Start of Data extract

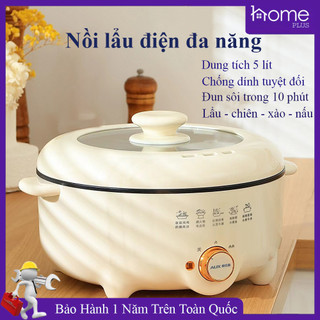 Nồi lẩu điện đa năng , nồi lẩu dung tích siêu lớn 5 lít nồi được phủ lớp chống dính dễ dàng vệ sinh siêu tiện lợi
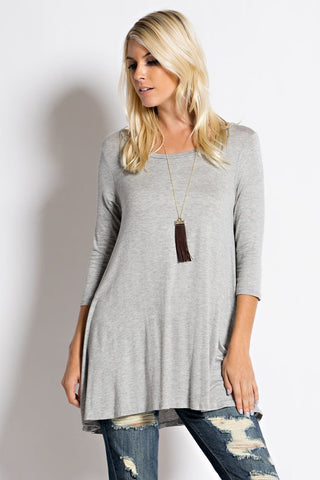 Heather Gray Tunic Top - Forever Dream Boutique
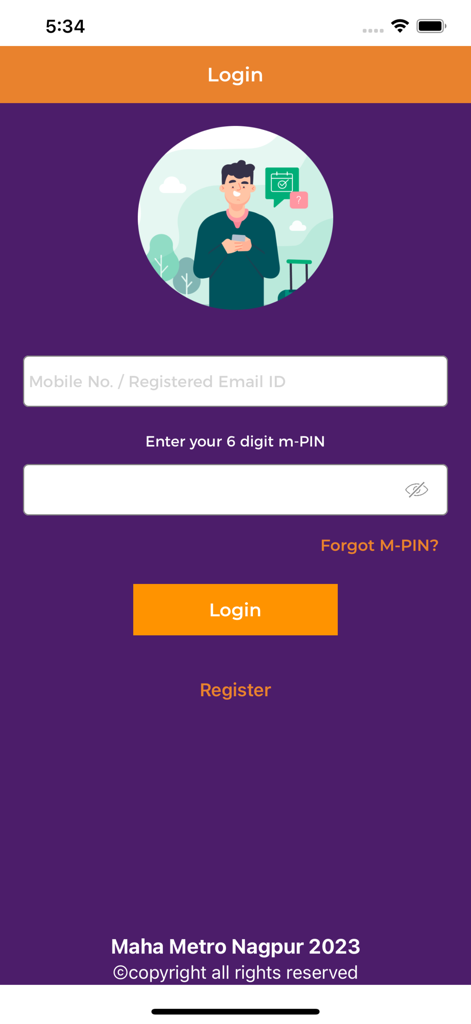 Nagpur Metro Rail - Login interface for the Nagpur Metro Rail app featuring mobile number and PIN entry fields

End of Data extract

→ **Exercise brief**: Each line above should be written out again exactly, without any image.

→ **Your response**:
 Nồi lẩu điện đa năng , nồi lẩu dung tích siêu lớn 5 lít nồi được phủ lớp chống dính dễ dàng vệ sinh siêu tiện lợi
 Heather Gray Tunic Top - Forever Dream Boutique
 Nagpur Metro Rail - Login interface for the Nagpur Metro Rail app featuring mobile number and PIN entry fields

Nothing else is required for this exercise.